The topics of interests include, but are not restricted to:
Methodologies and approaches for IS engineering
- Enterprise architecture and enterprise modelling
- Requirements engineering
- Business process modelling and management
- Simulation
- Model, component, and software reuse
- IS reengineering
- IS engineering approaches for adaptive and flexible information systems
- Service science
- Knowledge patterns and ontologies for IS engineering
- IS in networked & virtual organizations
- Method engineering
Innovative platforms, architectures and technologies for IS engineering
- Service-oriented architecture
- Model-driven architecture
- Component based development
- Agent architecture
- Distributed, mobile, and open architecture
- Innovative database technology
- Semantic web
- IS and ubiquitous technologies
- adaptive and context-aware IS
Engineering of specific kinds of IS:
- eGovernment
- Enterprise systems (ERP, CRM, CRM)
- Data warehousing
- Workflow systems
- Knowledge management systems
- Content management systems
Quality concerns in IS engineering
- Knowledge, information, and data quality
- Quality of models and their languages
- Usability, security, trust, flexibility, interoperability
Important Dates:
Oct. 12, 2009: Tutorials & workshops submission deadline
Nov. 30, 2009: Paper submission deadline
Feb. 8, 2010: Notification of acceptance June 7-11, 2010: Conference & workshops
Types of contributions: we invite four types of original and scientific papers:
1. Formal and/or technical papers describe original solutions (theoretical, methodological or conceptual) in the field of IS engineering. A technical paper should clearly describe the situation or problem tackled, the relevant state of the art, the position or solution suggested and the potential - or, even better, the evaluated - benefits of the contribution.

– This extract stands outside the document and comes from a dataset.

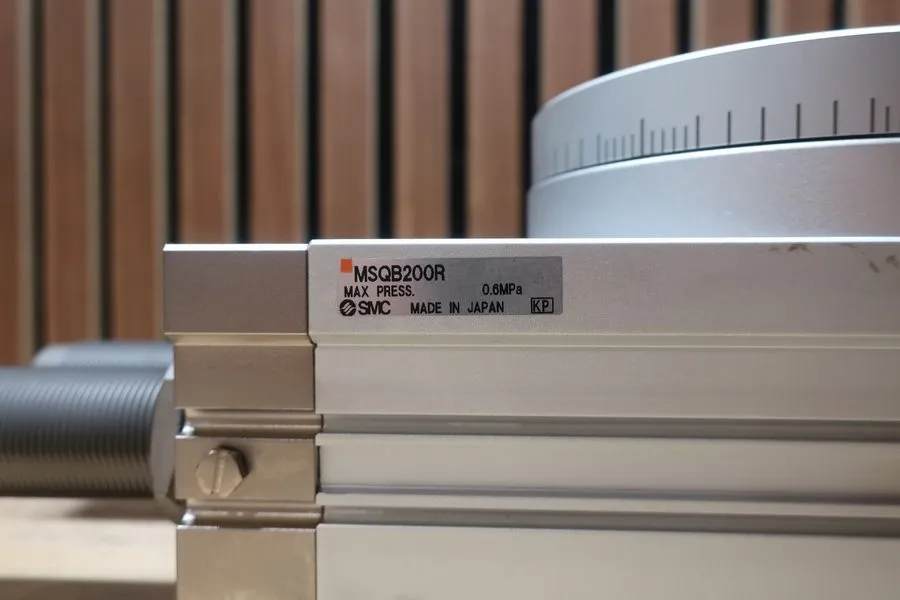 Поворотный стол SMC MSQB200R Pneumatic Rotary Table Cylinder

2. Empirical evaluation papers evaluate existing problem situations or validate proposed solutions with scientific means, i.e. by empirical studies, experiments, case studies, simulations, formal analyses, mathematical proofs, etc. Scientific reflection on problems and practices in industry also falls into this category.

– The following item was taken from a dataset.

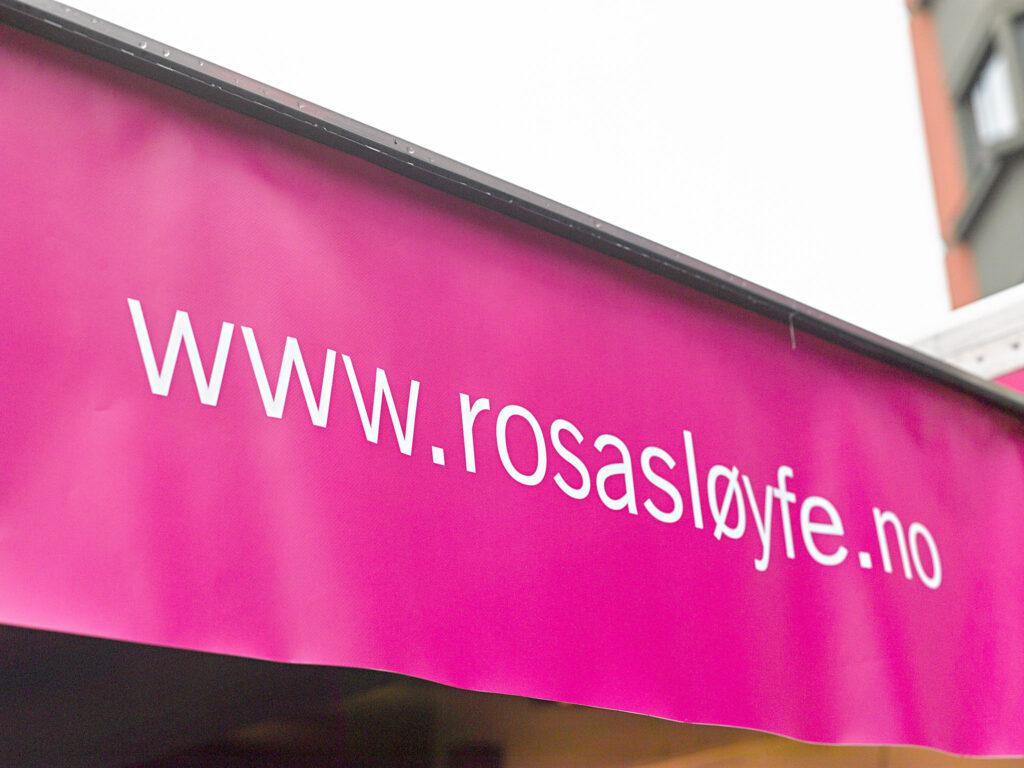 Banner med www.rosasløyfe.no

The topic of the evaluation presented in the paper as well as its causal or logical properties must be clearly stated. The research method must be sound and appropriate.
3. Experience papers present problems or challenges encountered in practice, relate success and failure stories, or report on industrial practice. The focus is on 'what' and on lessons learned, not on an in-depth analysis of 'why'. The practice must be clearly described and its context must be given. Readers should be able to draw conclusions for their own practice.
4. Exploratory Papers can describe completely new research positions or approaches, in order to face to a generic situation arising because of new ICT tools or new kinds of activities or new IS challenges. They must describe precisely the situation and demonstrate how current methods, tools, ways of reasoning, or meta-models are inadequate. They must rigorously present their approach and demonstrate its pertinence and correctness to addressing the identified situation.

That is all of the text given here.